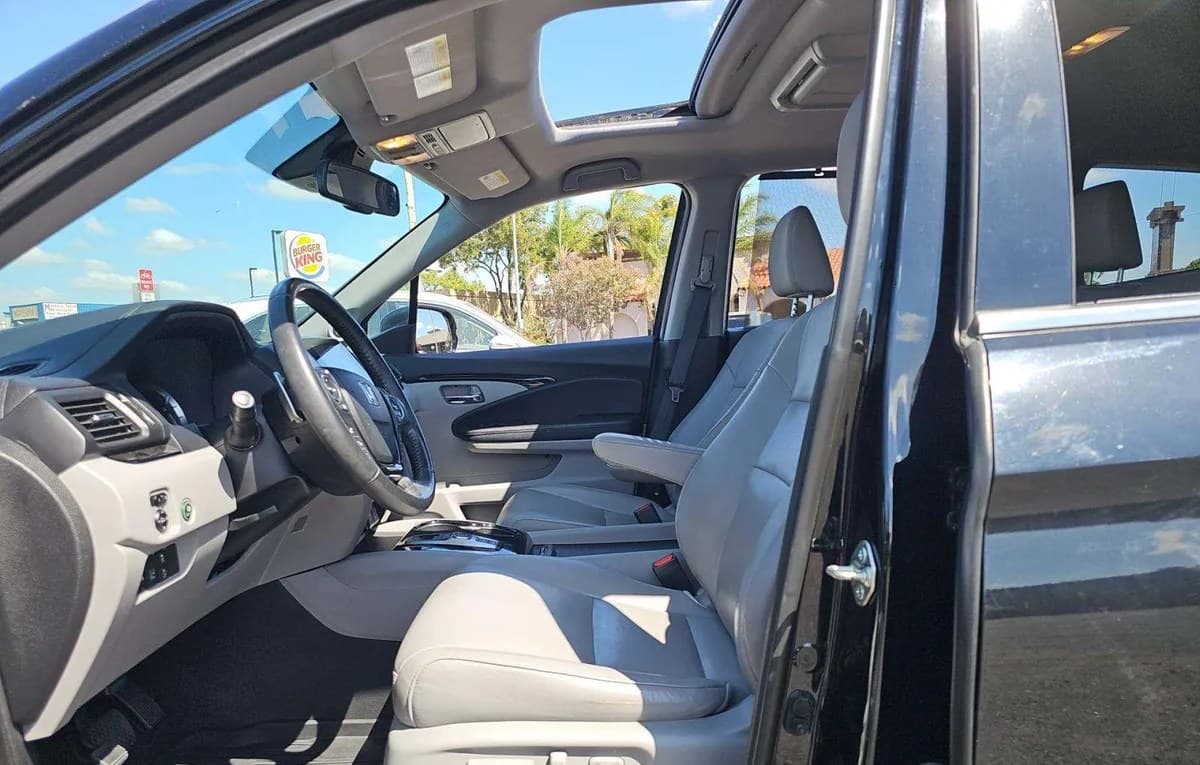 2018 HONDA PILOT Touring 4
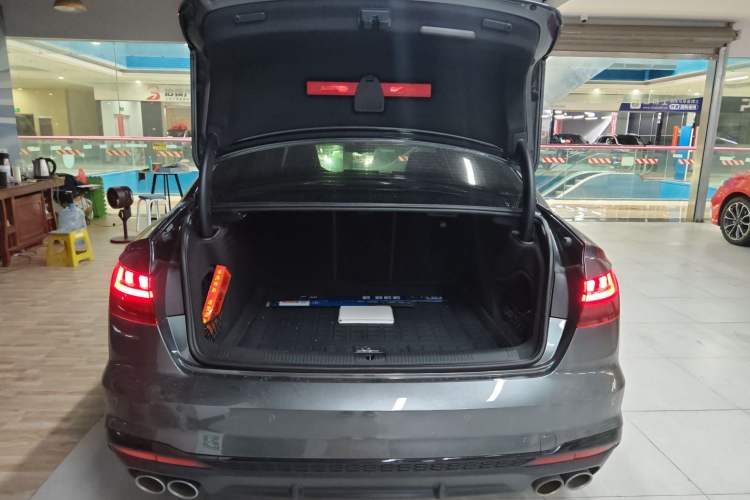 Used Audi S4 2023 S4 3.0TFSI Trunk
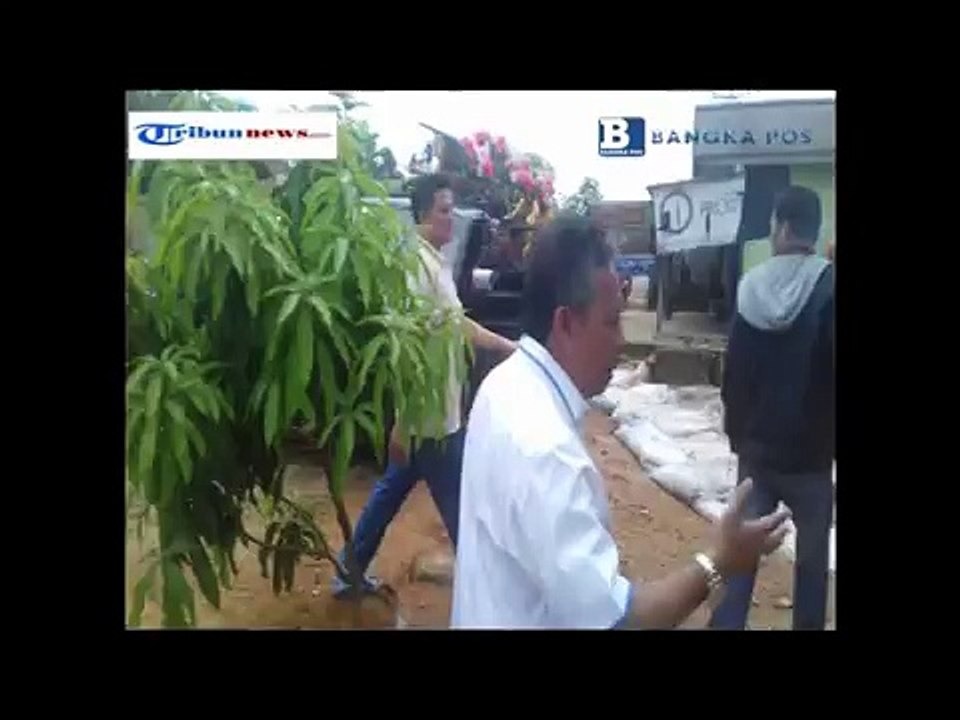Tergerus Banjir, Lantai dan Pondasi Rumah Nenek 13 Cucu Ini Ambrol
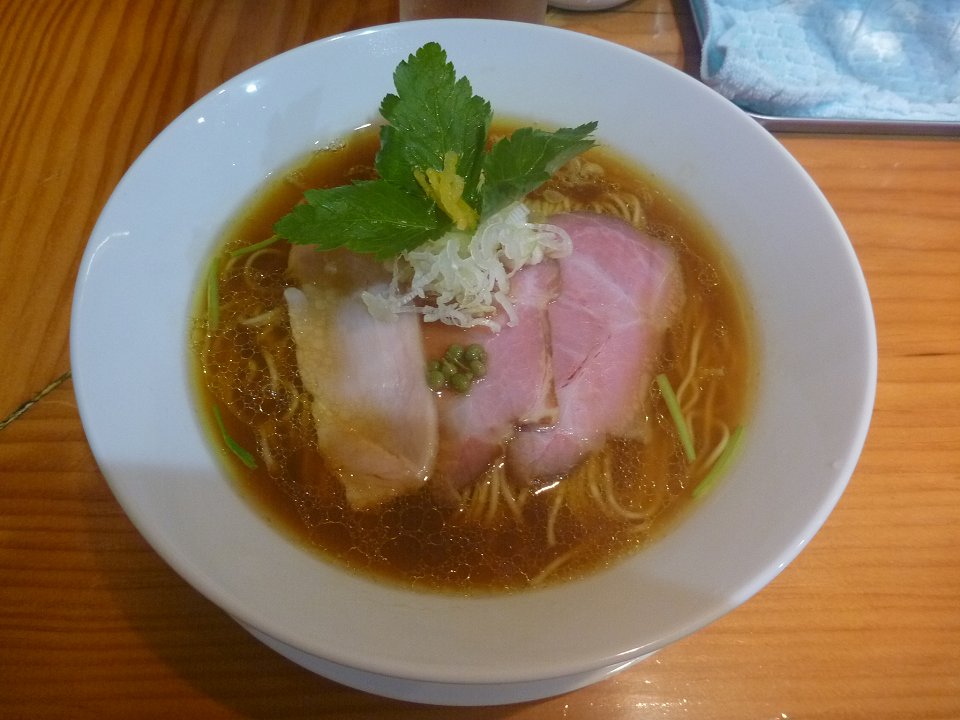 鶏そば醤油(\900)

▸ Directions: Return all the material exactly, pictures excluded.

▸ Your response:
 2018 HONDA PILOT Touring 4
 Used Audi S4 2023 S4 3.0TFSI Trunk
Tergerus Banjir, Lantai dan Pondasi Rumah Nenek 13 Cucu Ini Ambrol
 鶏そば醤油(\900)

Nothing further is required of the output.